Spring Gardening Guide

Foolproof Flora: 5 Plants That Even You Can’t Kill

Not only are these plants easy to grow, they’re also useful (or even delicious).

By Sarah Rufca Nielsen February 8, 2015 Published in the February 2015 issue of Houstonia Magazine

“How is it that your dog is still alive?” This is what my mother asks me when I mention that I’ve murdered yet another potted plant. The answer, of course, is that the dog lets me know when she’s thirsty (loudly and frequently), while the plants just gasp and wither in silence before shuffling off their mortal soil once and for all. I won’t quit trying, though, or at least not until the price of store-bought herbs stops hovering between obscene and first-born child. And why should I, given all the hardy edibles out there capable of withstanding the ministrations of even the most incompetent gardeners?


The question with basil isn’t whether you’ll kill it, but whether your appetite for this cooking staple will keep up with its Jack and the Beanstalk growing pace.
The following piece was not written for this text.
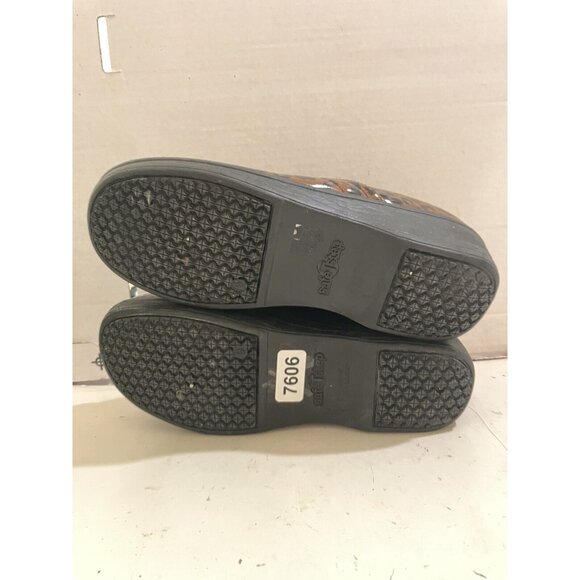 Leopard Print Women's Mules - Picture 7 of 8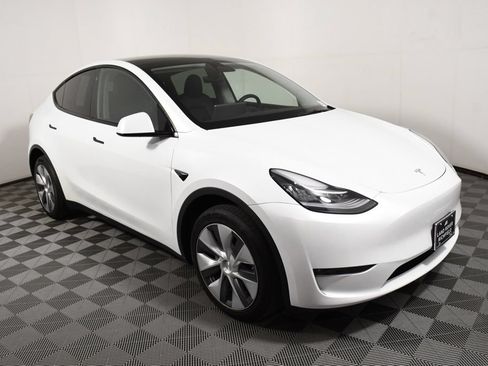 Used 2023 Tesla Model Y Long Range AWD/4WD image 8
Luckily, this Meryl Streep of herbs is never the wrong choice—whether confettied onto pizza, stirred into lemonade, or pulsed into pesto. 


Everybody loves rosemary—on chicken, on potatoes, in bread, wherever. It also smells good in a windowsill herb garden, and it’s much prettier and more affordable than an endless parade of piney candles. Growing rosemary reminds me of having a cat—you know it needs you, but it’s happier if you ignore it sometimes.


Not having fresh aloe around bespeaks a casual recklessness on par with skipping renter’s insurance, buying jeans without trying them on, or telling a friend what you really think about her ex-boyfriend within 48 hours of the break-up. What, you never burn yourself on the stove? Never forget sunscreen? Well, okay.


Cilantro may be the ultimate impulse plant purchase. You wake up one day thinking about homemade guacamole, buy some coriander seeds (which is what the plant is, technically—the Spanish name refers solely to the leaves), and a few weeks later you’re harvesting an abundance of light, ethereal leaves. Some people more committed than I plant successive cilantro crops so that the flavorful, fly-by-night leaves are always ready to harvest and eat, but I prefer to honor the herb’s low-commitment lifestyle; in love today, gone tomorrow.


Every person should grow tomatoes when they’re feeling down about themselves. Fail a test? Get dumped? Tomatoes are the answer. Sure, the plants need lots of sunlight and the occasional deluge, but that’s about it. Unfussy and super chill to a fault, tomatoes will even grow upside-down, at least if those late-night infomercials are to be believed. Bonus: there’s something extra satisfying about watching these babies ripen—and then eating them, obviously, preferably with the aforementioned basil and some fresh mozzarella.